Supplied information:
*-*-*
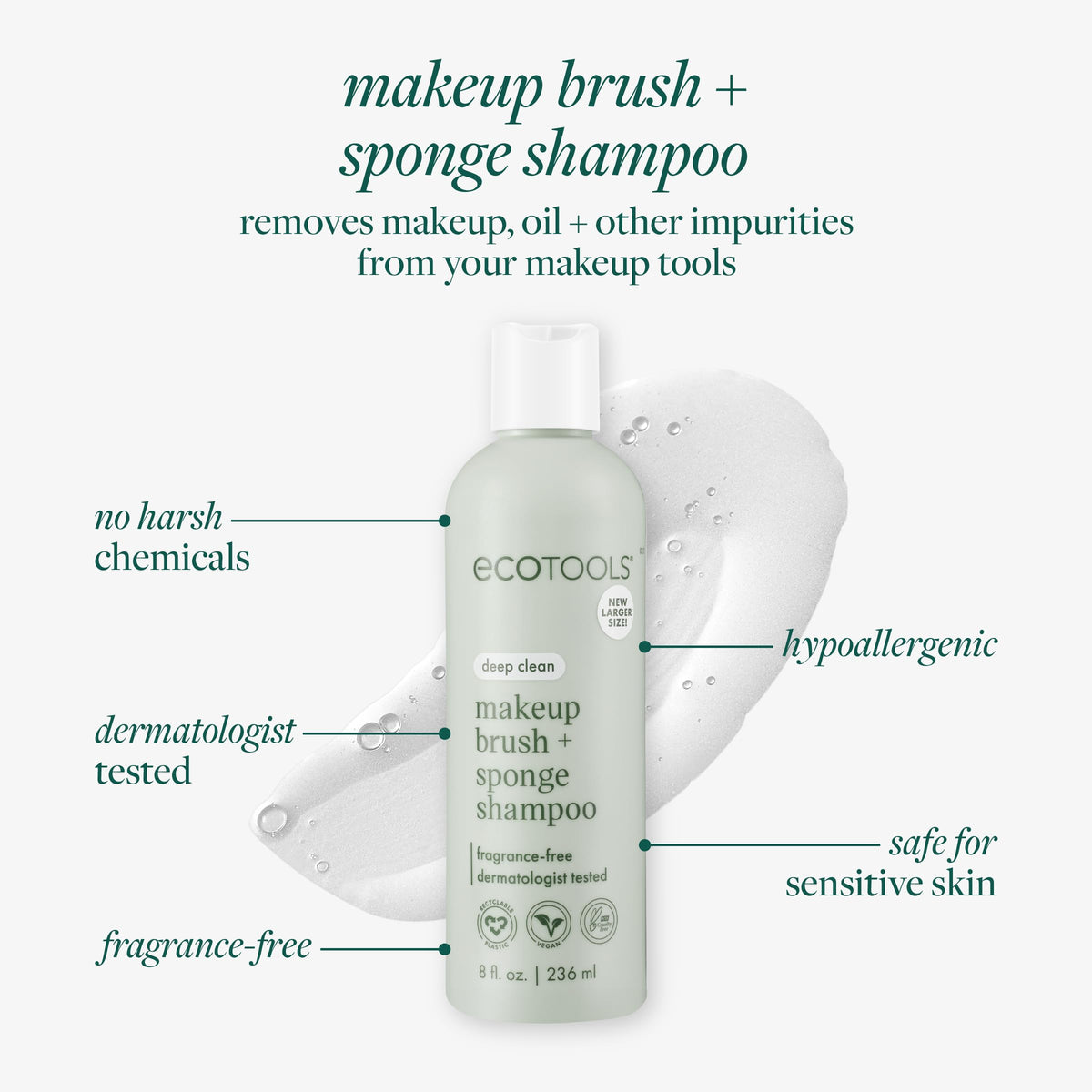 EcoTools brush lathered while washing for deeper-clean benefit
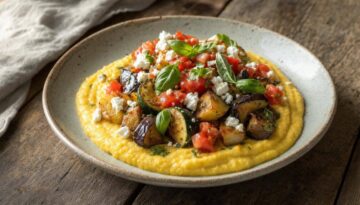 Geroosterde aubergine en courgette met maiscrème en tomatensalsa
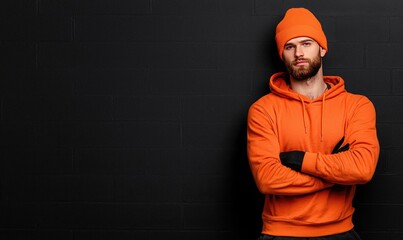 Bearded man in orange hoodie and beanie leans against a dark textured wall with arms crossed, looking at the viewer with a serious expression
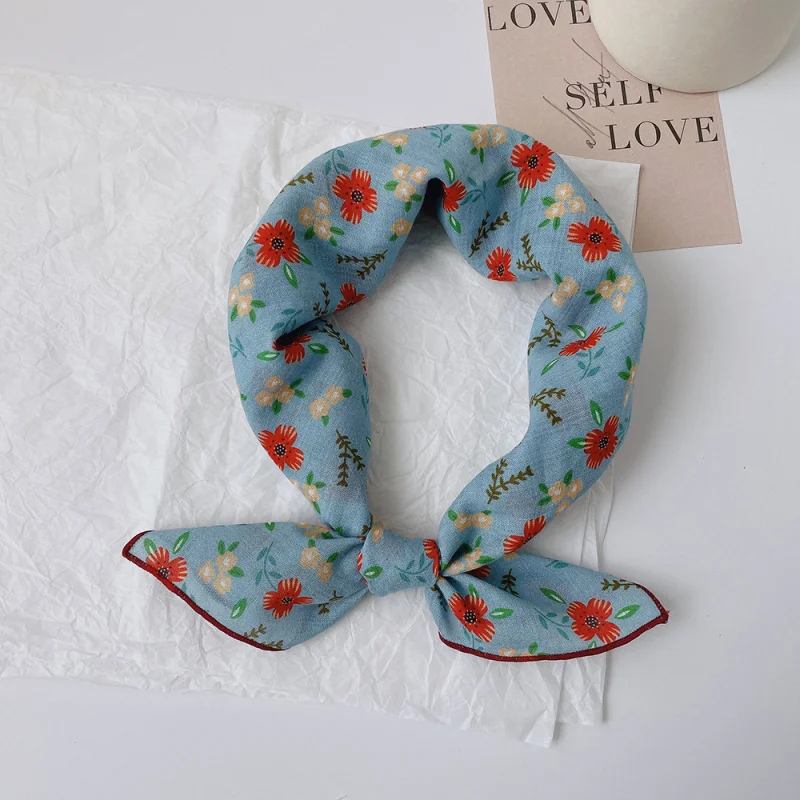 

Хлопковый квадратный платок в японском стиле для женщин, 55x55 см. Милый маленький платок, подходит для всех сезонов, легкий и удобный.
*-*-*
Assignment: Once the line containing "Bearded man in" is found, transcribe it and the rest of the lines to the end of the listing above exactly, omitting all pictures.

Solution to this exercise:
 Bearded man in orange hoodie and beanie leans against a dark textured wall with arms crossed, looking at the viewer with a serious expression

Хлопковый квадратный платок в японском стиле для женщин, 55x55 см. Милый маленький платок, подходит для всех сезонов, легкий и удобный.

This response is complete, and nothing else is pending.